Chemical Education Roundup, 4-23-13

“It was the best of times; it was the worst of times.” This sentiment nicely sums up the state of chemical education right now. While sequestration threatens the largest sources of funding for chemical education researchers in the US, the literature has been on fire in the past few weeks with some intriguing studies. There’s a lot to talk about, so let’s get right into it!

First, the bad news. STEM education takes a painful hit in the President’s budget for FY 2014.

The single biggest consolidation proposed this year is in the area of science, technology, engineering, and mathematics (STEM) education, where the Administration is proposing a bold restructuring of STEM education programs—consolidating 90 programs and realigning ongoing STEM education activities to improve the delivery, impact, and visibility of these efforts.

Don’t be fooled by the rhetoric–this is almost certainly bad news for American chem ed researchers. It will be interesting to see how existing NSF-funded programs respond to these changes, but it’s almost certain to hurt the proliferation of new programs. It’s worth noting also that this is only a proposed budget, but if President Obama is throwing STEM education under the bus, I don’t see Congress fighting back.
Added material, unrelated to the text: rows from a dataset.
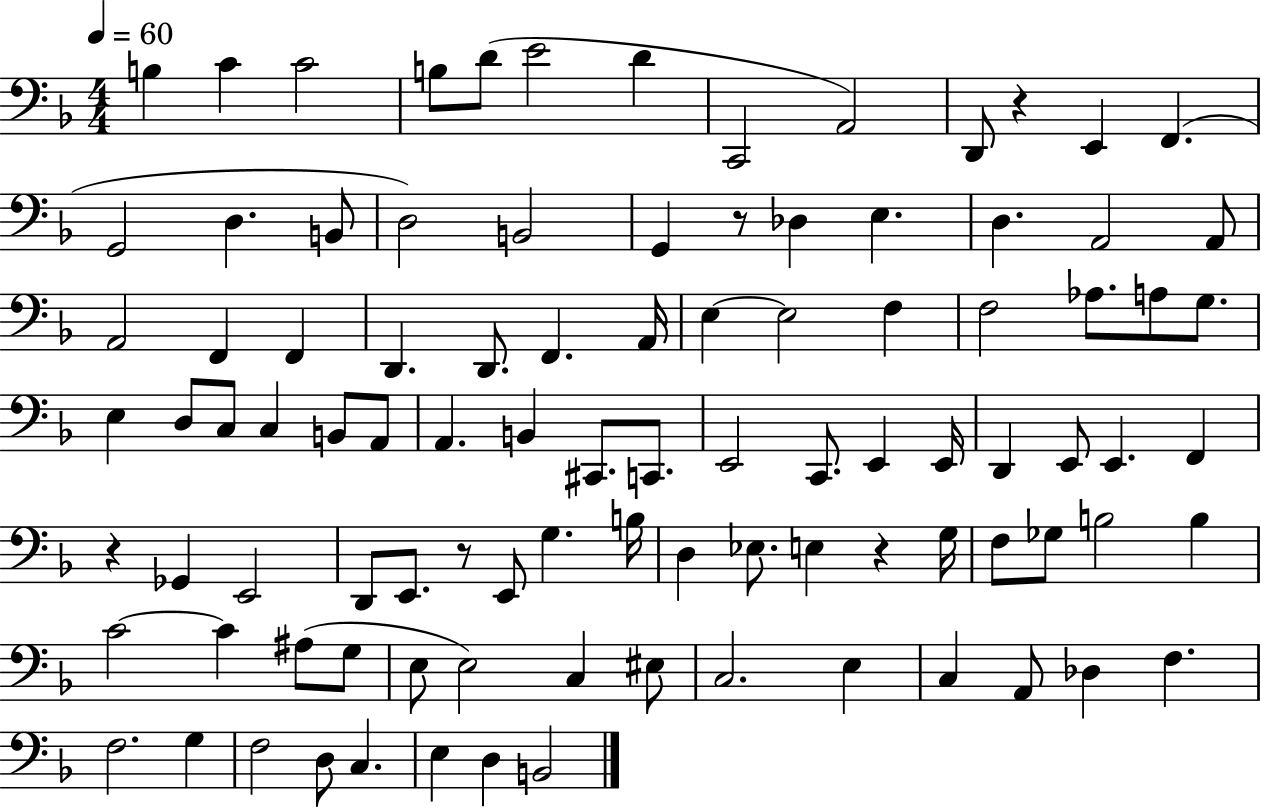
B3/q C4/q C4/h B3/e D4/e E4/h D4/q C2/h A2/h D2/e R/q E2/q F2/q. G2/h D3/q. B2/e D3/h B2/h G2/q R/e Db3/q E3/q. D3/q. A2/h A2/e A2/h F2/q F2/q D2/q. D2/e. F2/q. A2/s E3/q E3/h F3/q F3/h Ab3/e. A3/e G3/e. E3/q D3/e C3/e C3/q B2/e A2/e A2/q. B2/q C#2/e. C2/e. E2/h C2/e. E2/q E2/s D2/q E2/e E2/q. F2/q R/q Gb2/q E2/h D2/e E2/e. R/e E2/e G3/q. B3/s D3/q Eb3/e. E3/q R/q G3/s F3/e Gb3/e B3/h B3/q C4/h C4/q A#3/e G3/e E3/e E3/h C3/q EIS3/e C3/h. E3/q C3/q A2/e Db3/q F3/q. F3/h. G3/q F3/h D3/e C3/q. E3/q D3/q B2/h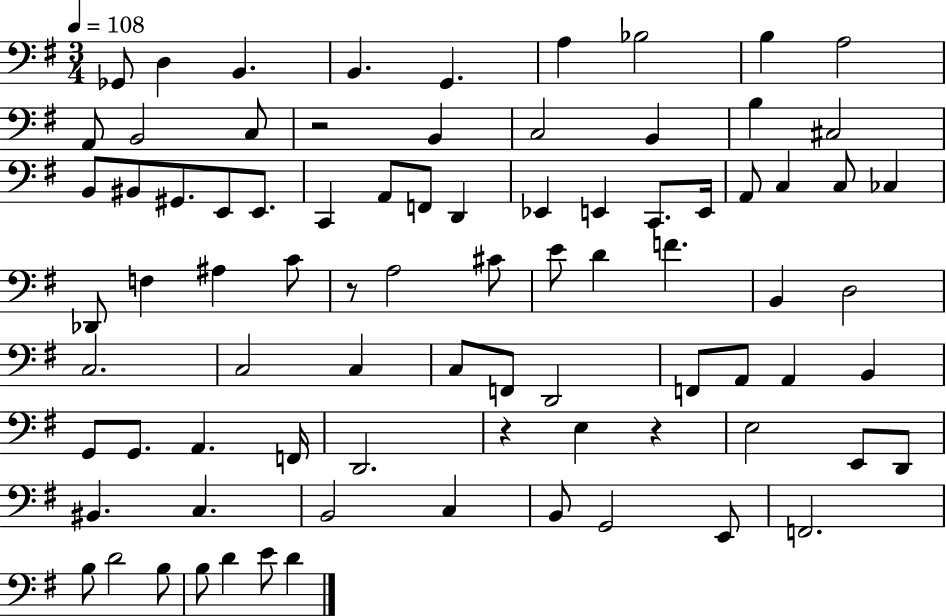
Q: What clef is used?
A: bass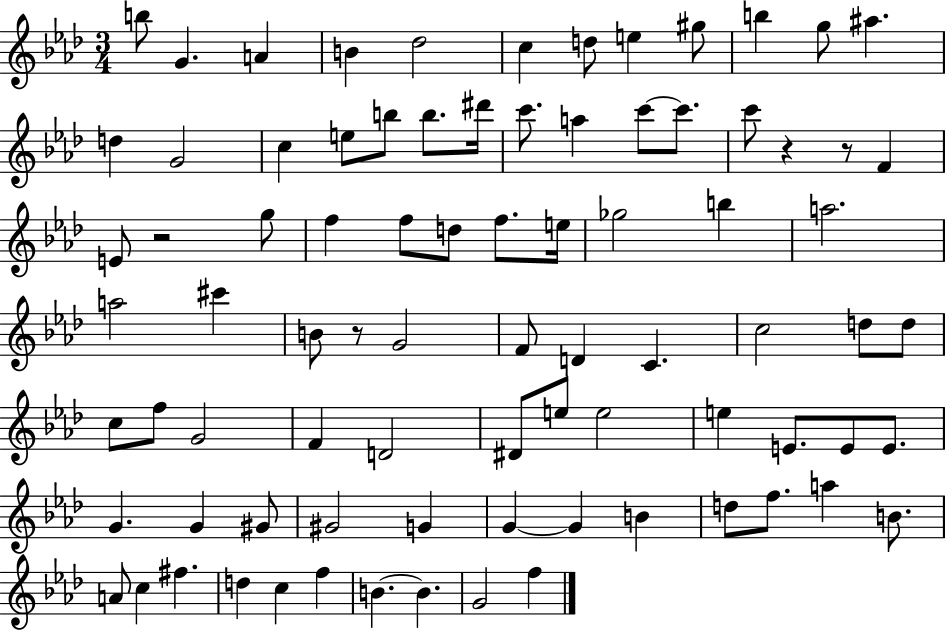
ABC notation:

X:1
T:Untitled
M:3/4
L:1/4
K:Ab
b/2 G A B _d2 c d/2 e ^g/2 b g/2 ^a d G2 c e/2 b/2 b/2 ^d'/4 c'/2 a c'/2 c'/2 c'/2 z z/2 F E/2 z2 g/2 f f/2 d/2 f/2 e/4 _g2 b a2 a2 ^c' B/2 z/2 G2 F/2 D C c2 d/2 d/2 c/2 f/2 G2 F D2 ^D/2 e/2 e2 e E/2 E/2 E/2 G G ^G/2 ^G2 G G G B d/2 f/2 a B/2 A/2 c ^f d c f B B G2 f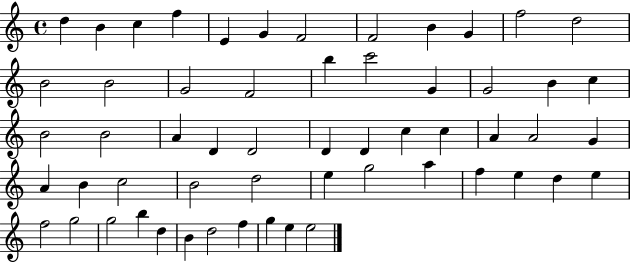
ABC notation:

X:1
T:Untitled
M:4/4
L:1/4
K:C
d B c f E G F2 F2 B G f2 d2 B2 B2 G2 F2 b c'2 G G2 B c B2 B2 A D D2 D D c c A A2 G A B c2 B2 d2 e g2 a f e d e f2 g2 g2 b d B d2 f g e e2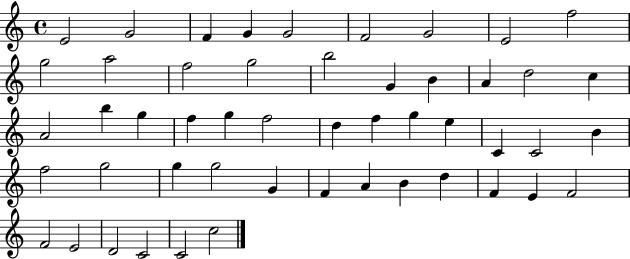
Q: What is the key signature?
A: C major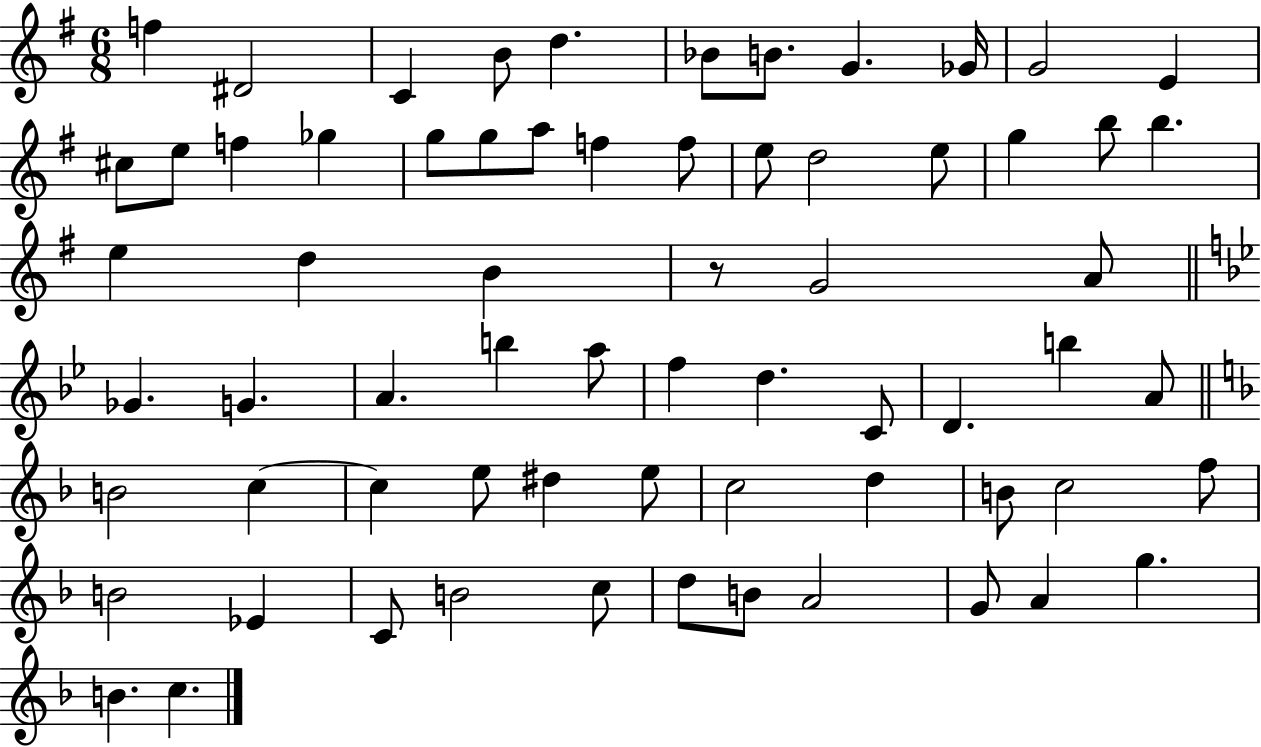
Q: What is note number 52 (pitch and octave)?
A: C5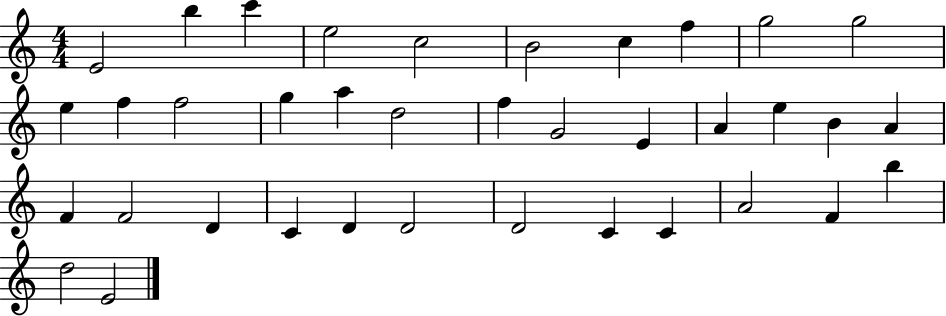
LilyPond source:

{
  \clef treble
  \numericTimeSignature
  \time 4/4
  \key c \major
  e'2 b''4 c'''4 | e''2 c''2 | b'2 c''4 f''4 | g''2 g''2 | \break e''4 f''4 f''2 | g''4 a''4 d''2 | f''4 g'2 e'4 | a'4 e''4 b'4 a'4 | \break f'4 f'2 d'4 | c'4 d'4 d'2 | d'2 c'4 c'4 | a'2 f'4 b''4 | \break d''2 e'2 | \bar "|."
}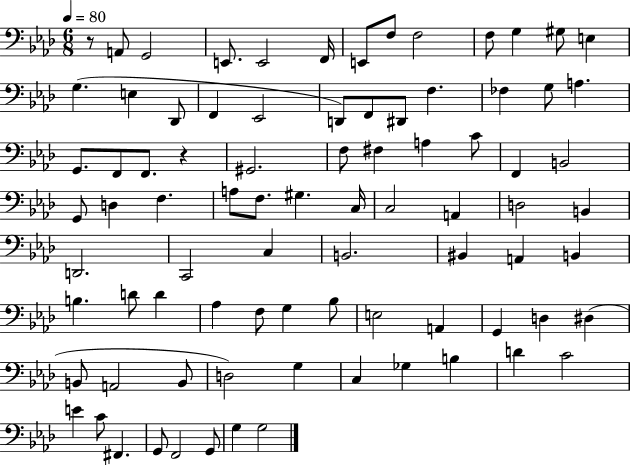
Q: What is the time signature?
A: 6/8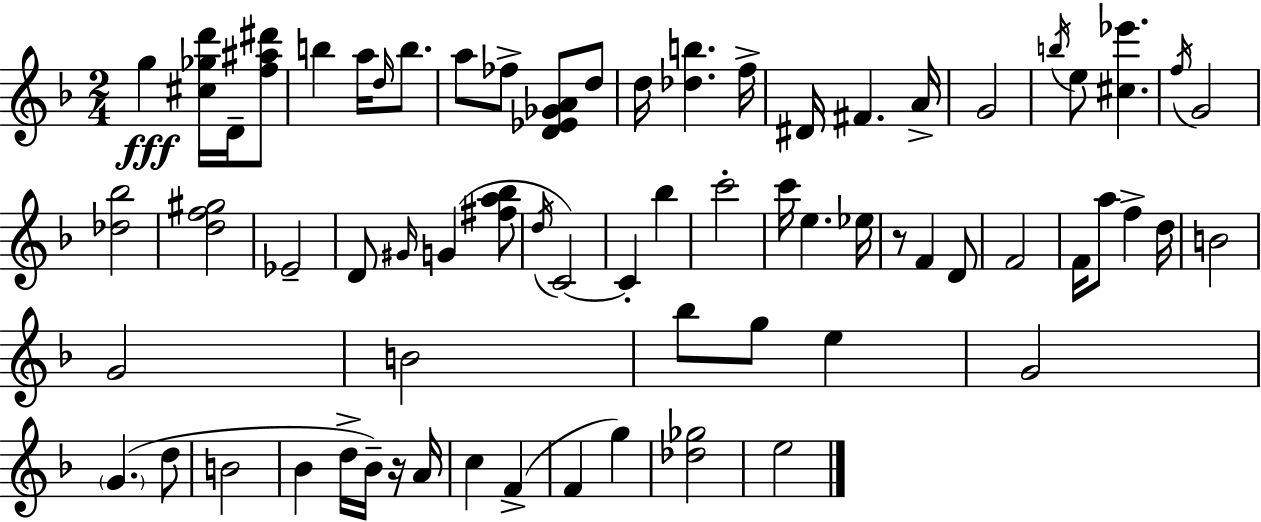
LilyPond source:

{
  \clef treble
  \numericTimeSignature
  \time 2/4
  \key f \major
  g''4\fff <cis'' ges'' d'''>16 d'16-- <f'' ais'' dis'''>8 | b''4 a''16 \grace { d''16 } b''8. | a''8 fes''8-> <d' ees' ges' a'>8 d''8 | d''16 <des'' b''>4. | \break f''16-> dis'16 fis'4. | a'16-> g'2 | \acciaccatura { b''16 } e''8 <cis'' ees'''>4. | \acciaccatura { f''16 } g'2 | \break <des'' bes''>2 | <d'' f'' gis''>2 | ees'2-- | d'8 \grace { gis'16 } g'4( | \break <fis'' a'' bes''>8 \acciaccatura { d''16 } c'2~~) | c'4-. | bes''4 c'''2-. | c'''16 e''4. | \break ees''16 r8 f'4 | d'8 f'2 | f'16 a''8 | f''4-> d''16 b'2 | \break g'2 | b'2 | bes''8 g''8 | e''4 g'2 | \break \parenthesize g'4.( | d''8 b'2 | bes'4 | d''16-> bes'16--) r16 a'16 c''4 | \break f'4->( f'4 | g''4) <des'' ges''>2 | e''2 | \bar "|."
}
Enough with the bad news! The bright side is that a lot of interesting research is happening these days. I’ve been digging into the general chemistry literature lately for professional reasons, and a very recent study out of Middle Tennessee State University caught my eye. The research addressed student conceptions of gases, focusing on a question that asks about the effects of a temperature change on the particulate nature of helium gas (originally studied by Nurrenben and Pickering). The conclusion of the research is typical: scaffolding and schema-activating designs for assessments improve performance on conceptual problems relative to more vague designs, but the authors were unable to track down the exact source of the performance boost (despite a few controls).

cartoon-sledge-hammer-guyOne clue is provided by another recent study: that of Behmke and Atwood on the implementation of problems sensitive to cognitive load theory  in an electronic homework system. The authors converted single, multi-step problems into sequences of related problems that “fade” from nearly complete when given to fully incomplete. Using an analytical approach based on item response theory, the authors observed that students exposed to the “statically fading” questions were very likely to perform better on subsequent related problems. The act of breaking a multi-step problem down and exposing its process over multiple problems can improve performance.

Jennifer Lewis and colleagues at USF have written a very important summary of the state of the art in psychometric measurement for chemistry education research. In addition to pointing out the typical methods researchers use to argue for the validity and reliability of survey results, Lewis et al. note that chemistry education research is becoming more interdisciplinary as evidence mounts for theoretical overlap between sub-fields of science education. They also draw attention to the need for qualitative research to complement quantitative efforts (see the MTSU study for a nice recent example of this idea). A nice read right after Lewis’s review is Barbera’s recent psychometric analysis of the Chemical Concepts Inventory.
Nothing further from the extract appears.